── DATA TO USE

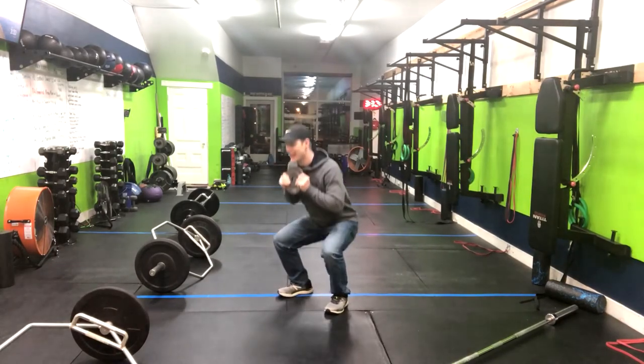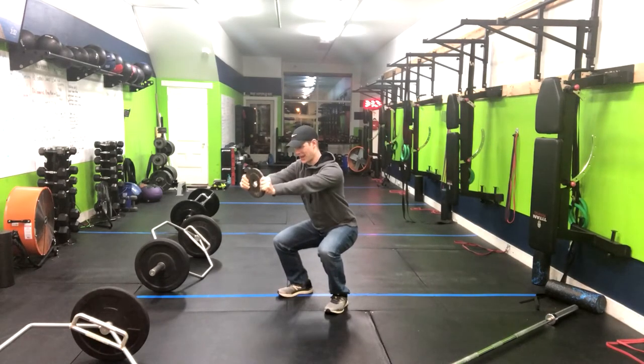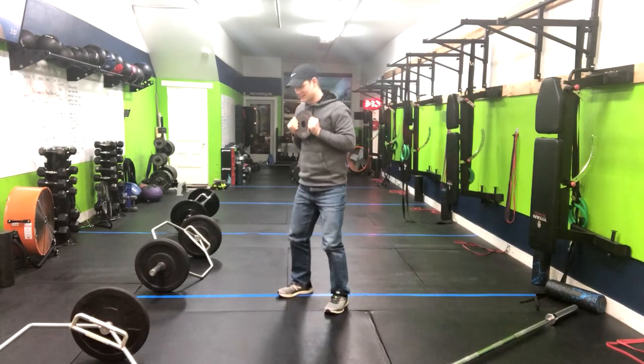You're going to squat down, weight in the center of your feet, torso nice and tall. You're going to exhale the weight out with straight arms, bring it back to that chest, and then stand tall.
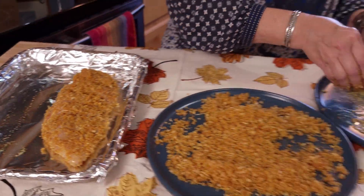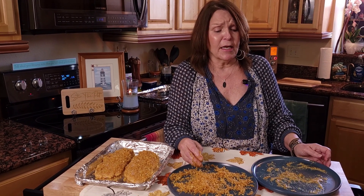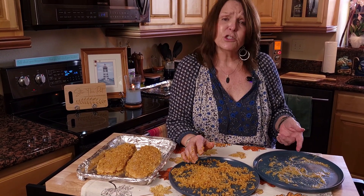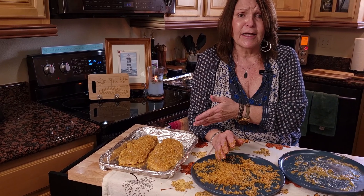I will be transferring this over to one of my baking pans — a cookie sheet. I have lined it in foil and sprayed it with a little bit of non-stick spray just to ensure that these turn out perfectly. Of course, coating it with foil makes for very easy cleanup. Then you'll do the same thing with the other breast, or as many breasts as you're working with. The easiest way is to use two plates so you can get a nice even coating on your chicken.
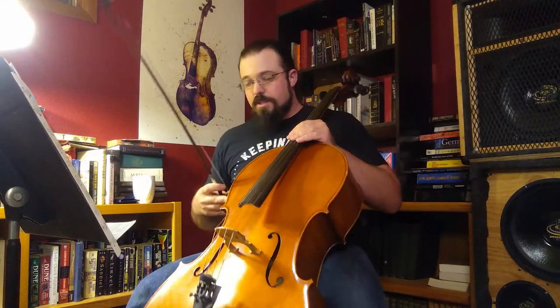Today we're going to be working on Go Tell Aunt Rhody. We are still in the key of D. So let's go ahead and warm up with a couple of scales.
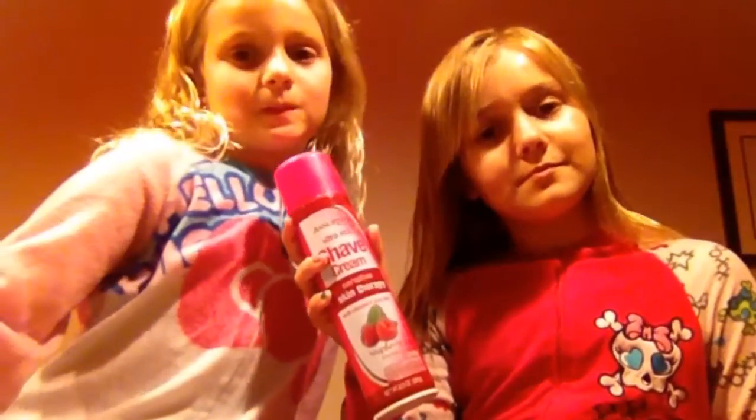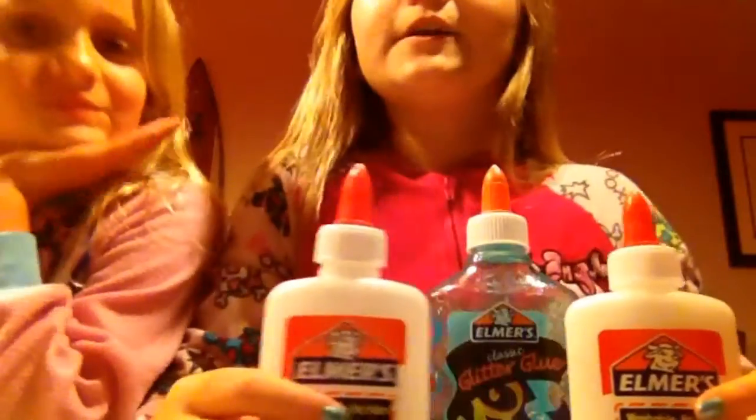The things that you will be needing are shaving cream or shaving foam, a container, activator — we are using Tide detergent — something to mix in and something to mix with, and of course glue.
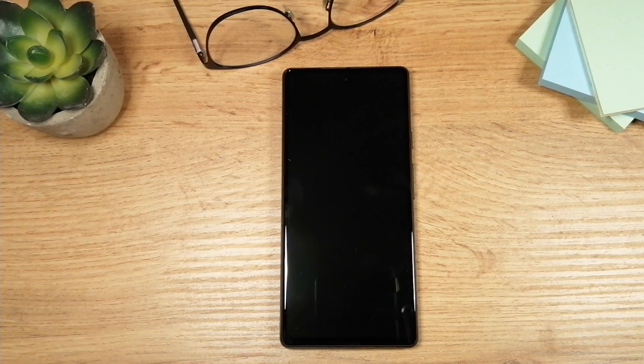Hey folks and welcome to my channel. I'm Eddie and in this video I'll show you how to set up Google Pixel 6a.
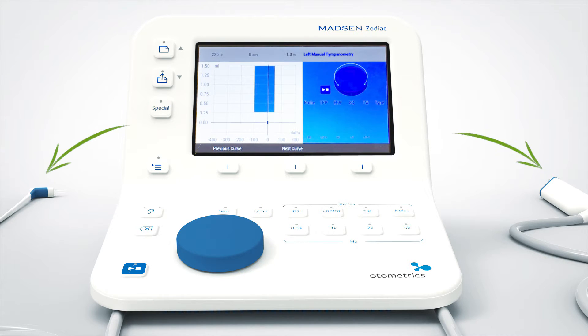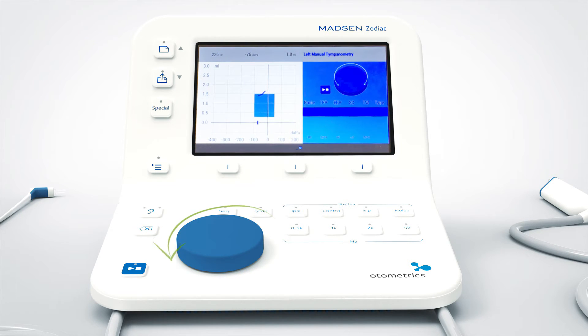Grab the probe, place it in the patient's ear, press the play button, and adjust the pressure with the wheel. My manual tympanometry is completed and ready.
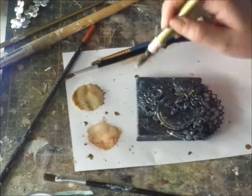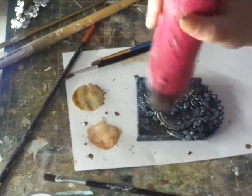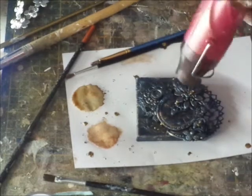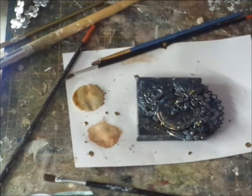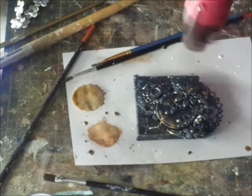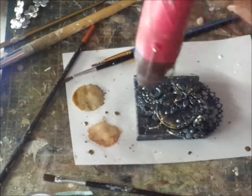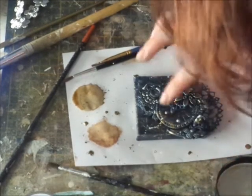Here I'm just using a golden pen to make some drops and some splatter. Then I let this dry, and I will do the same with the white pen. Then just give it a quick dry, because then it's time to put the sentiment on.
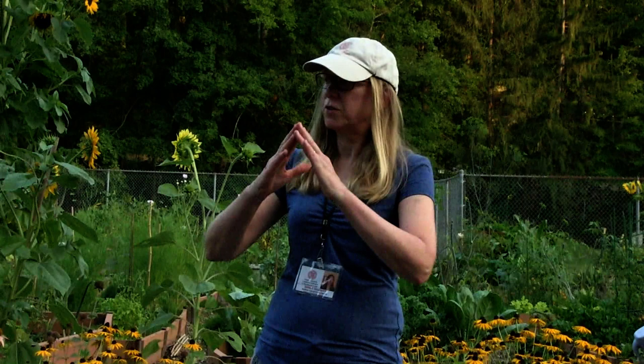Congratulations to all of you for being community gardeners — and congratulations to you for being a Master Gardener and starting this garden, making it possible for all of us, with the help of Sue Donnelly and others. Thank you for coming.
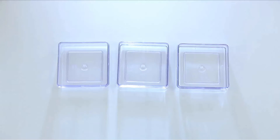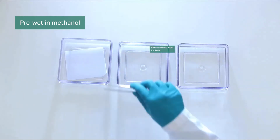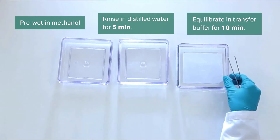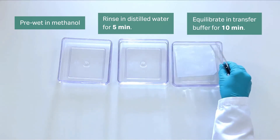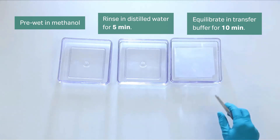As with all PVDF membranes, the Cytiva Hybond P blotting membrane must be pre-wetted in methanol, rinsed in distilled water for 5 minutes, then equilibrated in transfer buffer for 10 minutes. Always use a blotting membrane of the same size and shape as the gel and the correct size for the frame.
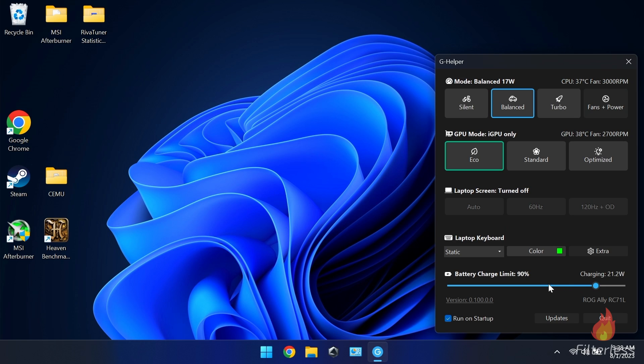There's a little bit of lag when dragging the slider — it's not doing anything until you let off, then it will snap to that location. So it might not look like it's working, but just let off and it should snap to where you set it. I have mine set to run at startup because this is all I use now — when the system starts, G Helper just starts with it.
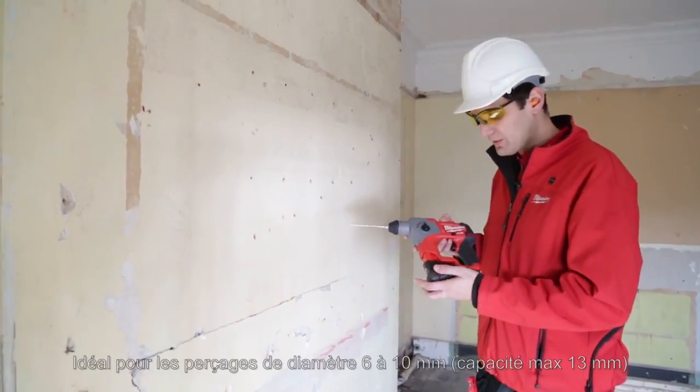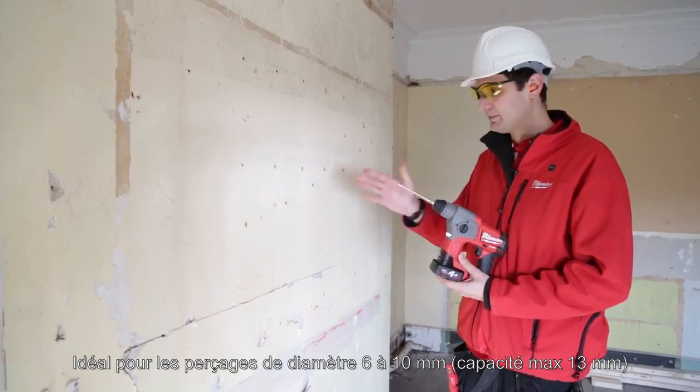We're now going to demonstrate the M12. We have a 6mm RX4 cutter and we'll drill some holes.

────

**TASK OBJECTIVE**
Output the material above exactly, without pictures.

**RESULT OF THIS TASK**
You're going to squat down, weight in the center of your feet, torso nice and tall. You're going to exhale the weight out with straight arms, bring it back to that chest, and then stand tall.
I will be transferring this over to one of my baking pans — a cookie sheet. I have lined it in foil and sprayed it with a little bit of non-stick spray just to ensure that these turn out perfectly. Of course, coating it with foil makes for very easy cleanup. Then you'll do the same thing with the other breast, or as many breasts as you're working with. The easiest way is to use two plates so you can get a nice even coating on your chicken.
Today we're going to be working on Go Tell Aunt Rhody. We are still in the key of D. So let's go ahead and warm up with a couple of scales.
The things that you will be needing are shaving cream or shaving foam, a container, activator — we are using Tide detergent — something to mix in and something to mix with, and of course glue.
Hey folks and welcome to my channel. I'm Eddie and in this video I'll show you how to set up Google Pixel 6a.
Grab the probe, place it in the patient's ear, press the play button, and adjust the pressure with the wheel. My manual tympanometry is completed and ready.
Here I'm just using a golden pen to make some drops and some splatter. Then I let this dry, and I will do the same with the white pen. Then just give it a quick dry, because then it's time to put the sentiment on.
Congratulations to all of you for being community gardeners — and congratulations to you for being a Master Gardener and starting this garden, making it possible for all of us, with the help of Sue Donnelly and others. Thank you for coming.
As with all PVDF membranes, the Cytiva Hybond P blotting membrane must be pre-wetted in methanol, rinsed in distilled water for 5 minutes, then equilibrated in transfer buffer for 10 minutes. Always use a blotting membrane of the same size and shape as the gel and the correct size for the frame.
There's a little bit of lag when dragging the slider — it's not doing anything until you let off, then it will snap to that location. So it might not look like it's working, but just let off and it should snap to where you set it. I have mine set to run at startup because this is all I use now — when the system starts, G Helper just starts with it.
We're now going to demonstrate the M12. We have a 6mm RX4 cutter and we'll drill some holes.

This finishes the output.